Our Venerable Father David of Thessalonica; Blessed Hieromartyr Andrii Ishchak, Priest; Blessed Hieromartyr Mykola Konrad, Priest, and the Blessed Martyr Volodymyr Pryjma, Cantor.
Apostle’s Fast. Abstention from meat and foods that contain these ingredients.
Romans 16:1-16; Matthew 13:3-9.
Read Romans 16:1-16
When St. Paul writes to the Romans, he slips in a line that’s easy to rush past: “Greet one another with a holy kiss.” It sounds almost quaint at first, a relic of another era. But sit with it for a moment. This isn’t a pleasantry tucked at the end of a letter. It’s him insisting that love has to show up somewhere: in a gesture, or an actual human exchange. Faith isn’t meant to stay locked inside us, private. It is designed to move outward, to become something another person can actually encounter.
That tension between what we’re capable of and how we treat each other is exactly what Martin Luther King Jr. named in his Nobel Peace Prize address. He marveled that modern humanity had learned to fly like birds and swim like fish, yet still hadn’t figured out the simple art of living together as brothers. We’ve conquered distance and speed and power. Communion, though, still escapes us.
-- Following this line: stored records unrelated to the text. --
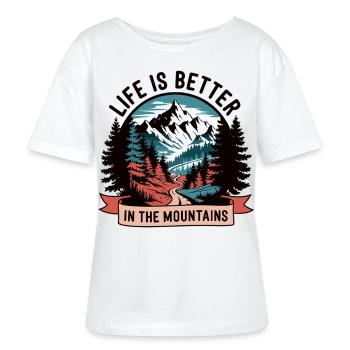 La vie est meilleure à la montagne - T-shirt bio à col rond SERENA Stanley/Stella Femme - blanc - Devant - Anna (173cm)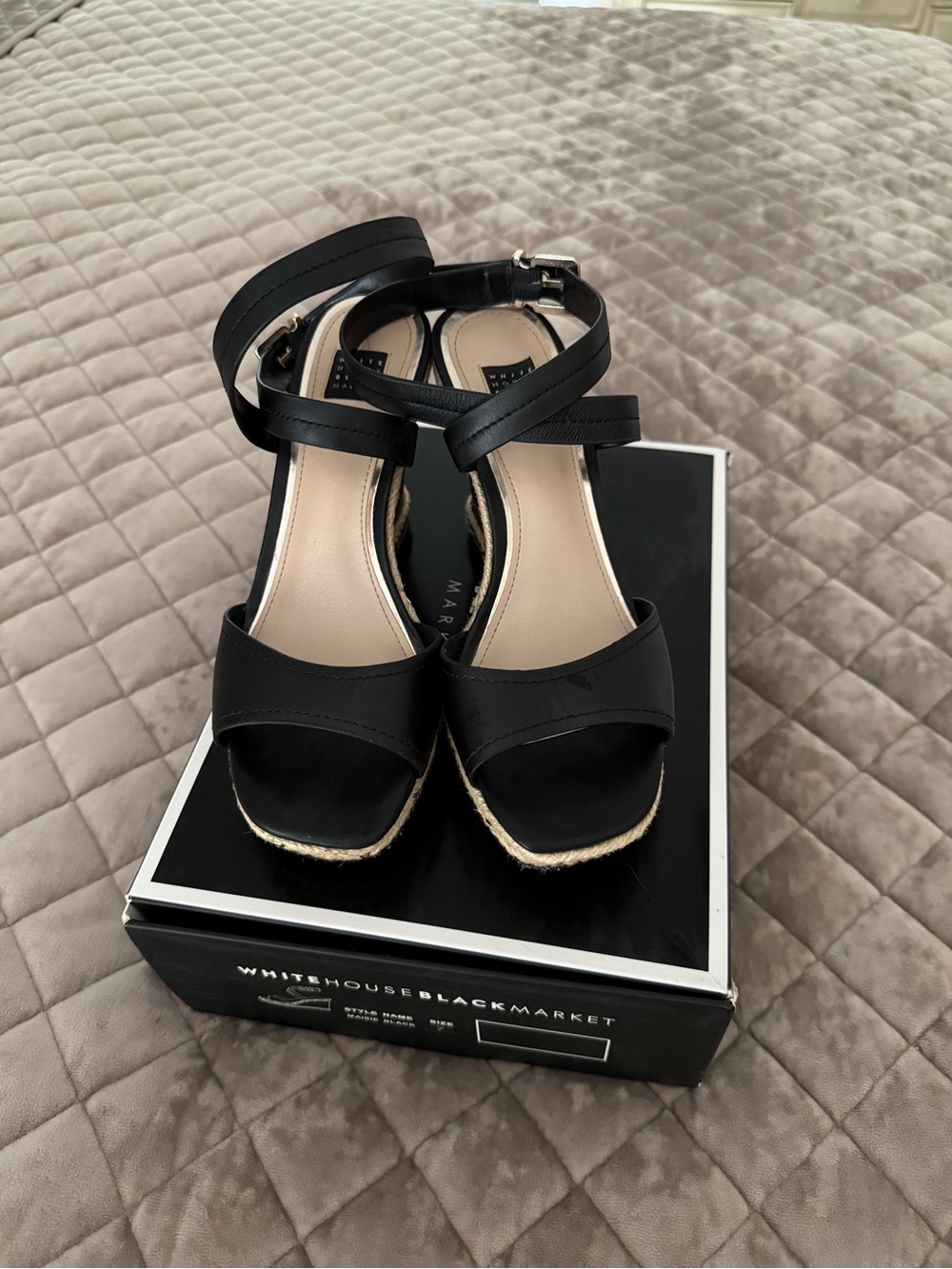 White House Black Market Black Leather Espadrille Wedge Sandals with Ankle Strap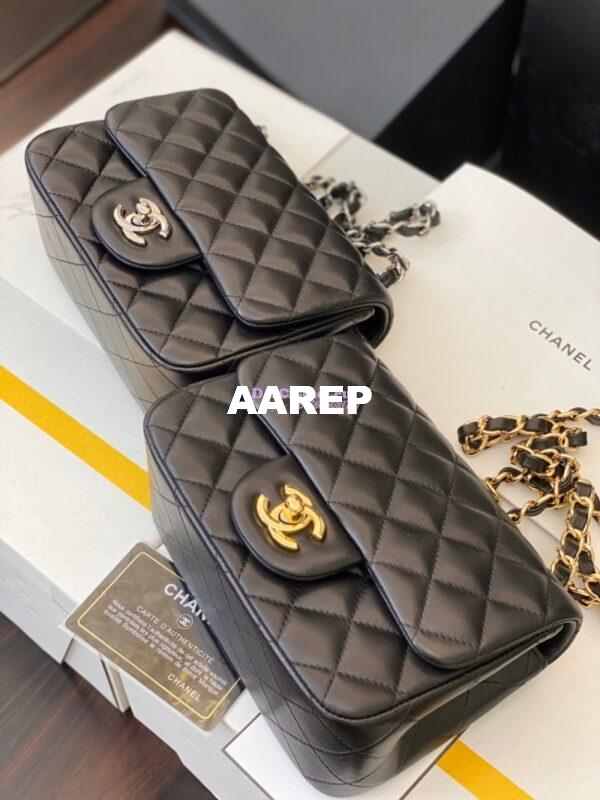 Replica Chanel Mini Classic Flap 17cm in Black Lambskin Bag 2
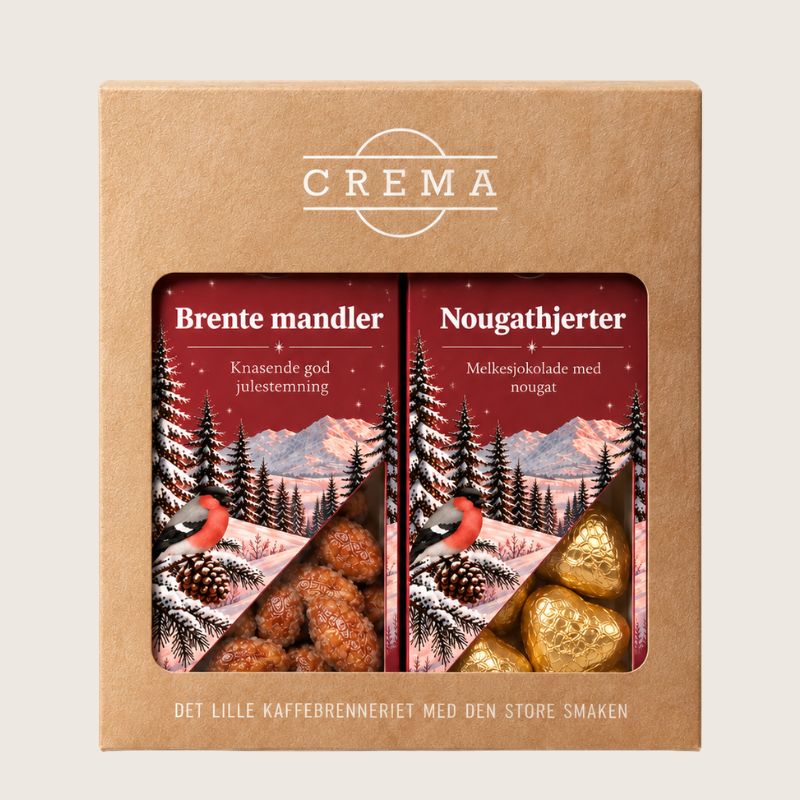 Gavepakke Julegodt fra Crema med brente mandler og belgiske sjokoladehjerter med nougatfyll.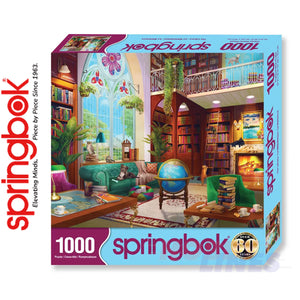 THE LIBRARY 1000 piece SPRINGBOK Jigsaw Puzzle Random Cut Super Deluxe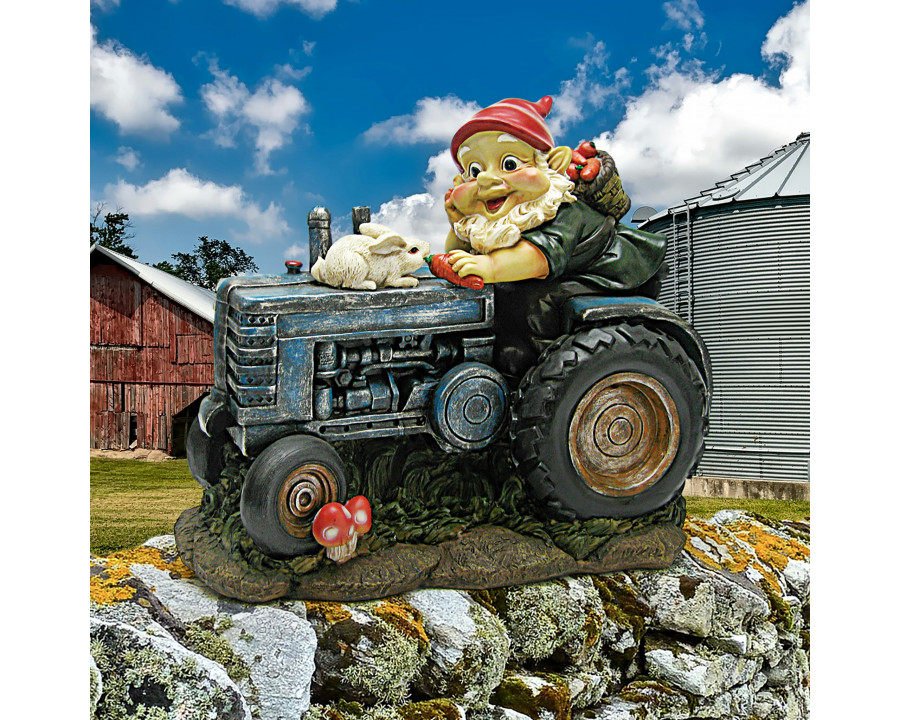 Toscano - Bunny on Board the Tractor Garden Gnome Statue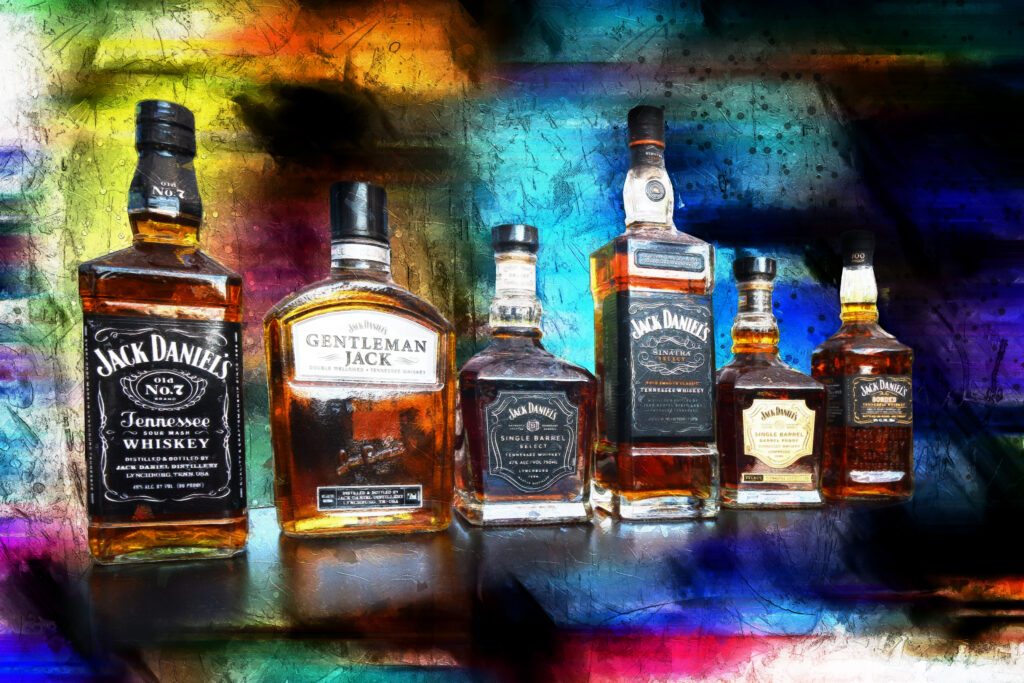 Six Shooter Jack Daniel's Abstract Modern Art Painting On Canvas by Artist Michael John Valentine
Psychologist Rollo May noticed something similar from a completely different angle. In Man’s Search for Himself, he draws on Dr. Walter Cannon’s research into what’s sometimes called “voodoo death. ” That refers to cases where people in certain communities, once cast out and treated as though they no longer existed, would literally wither and die. Quite a haunting image. We don’t live on bread alone, nor by our own wits. We live, in part, on being recognized, on belonging somewhere. We live on being loved.
All of which makes Paul’s instruction less mystical and more urgent. Someone near you right now may be quietly withering, not dramatically so, but slowly receding into death through neglect. A real greeting, a genuine smile, a phone call returned, a word of thanks, a small visit, a note, a promise to pray: any of these can be a holy kiss as St. Paul referred to. It doesn’t have to be grand, but it must be authentic. The only question worth sitting with today is: who in my life needs to know they haven’t been forgotten? Let your lips answer that question.